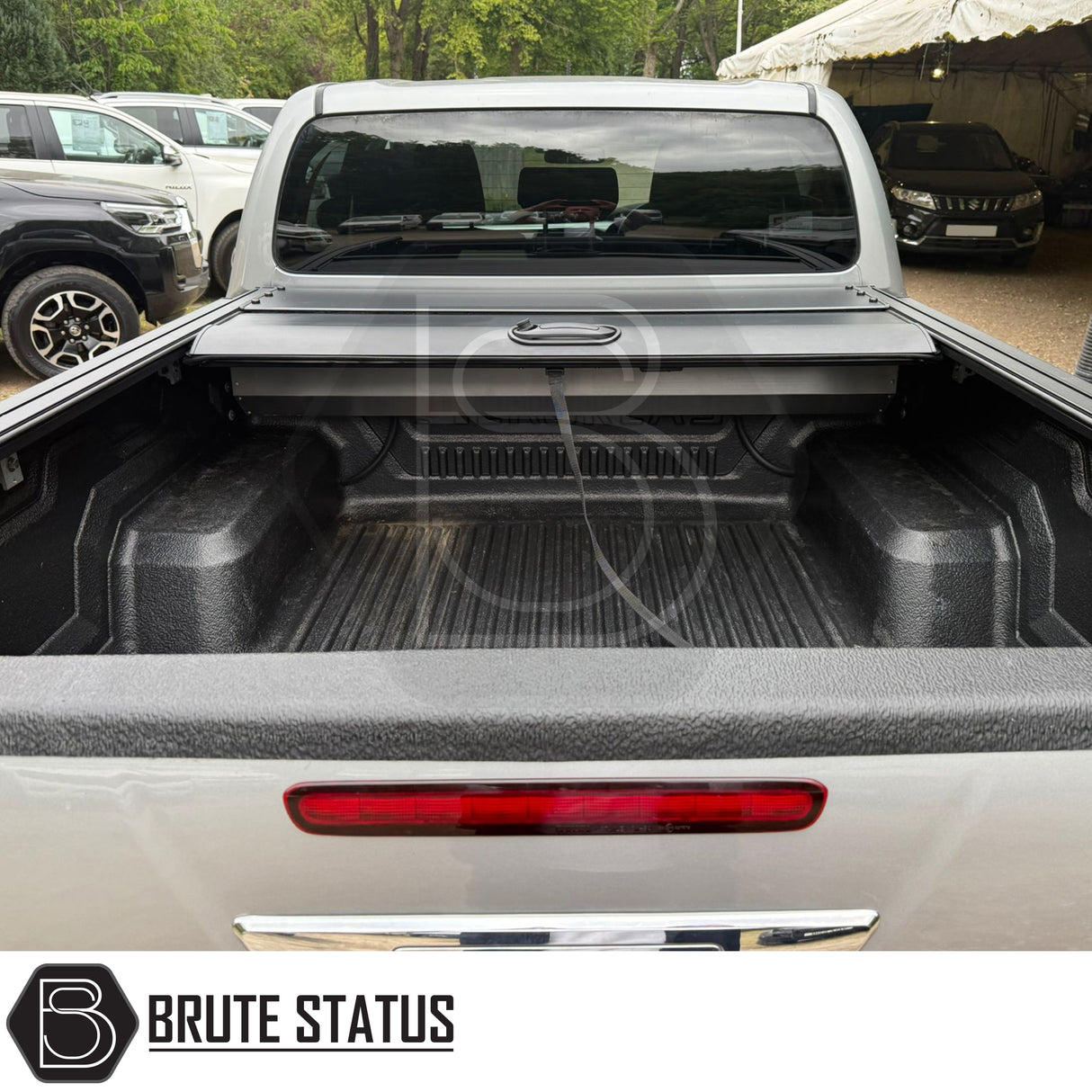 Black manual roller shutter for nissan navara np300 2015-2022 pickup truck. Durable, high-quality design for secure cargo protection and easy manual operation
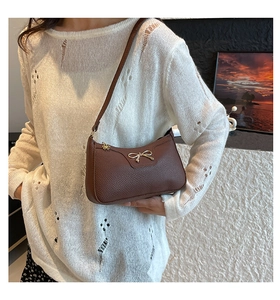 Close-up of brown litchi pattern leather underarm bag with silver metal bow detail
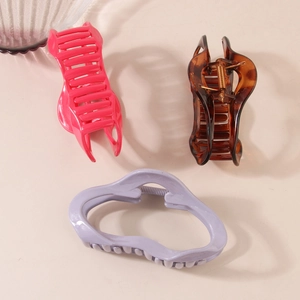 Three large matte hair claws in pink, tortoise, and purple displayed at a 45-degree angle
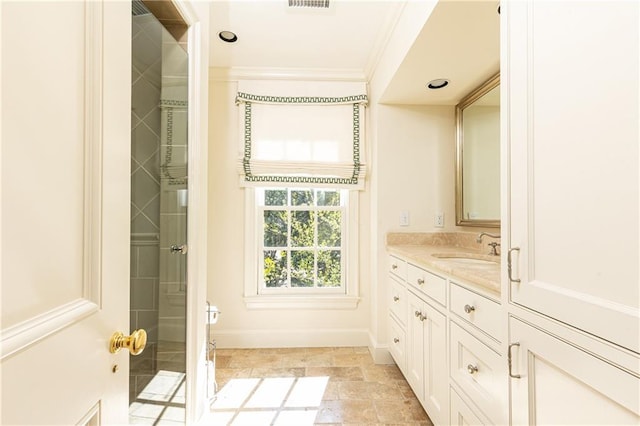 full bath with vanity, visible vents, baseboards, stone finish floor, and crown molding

☆ ☆ ☆ ☆ ☆ ☆ ☆

=== Task item ===
Once the pictures are set aside, repeat the data above exactly as written.

=== Exercise response ===
 Black manual roller shutter for nissan navara np300 2015-2022 pickup truck. Durable, high-quality design for secure cargo protection and easy manual operation
 Close-up of brown litchi pattern leather underarm bag with silver metal bow detail
 Three large matte hair claws in pink, tortoise, and purple displayed at a 45-degree angle
 full bath with vanity, visible vents, baseboards, stone finish floor, and crown molding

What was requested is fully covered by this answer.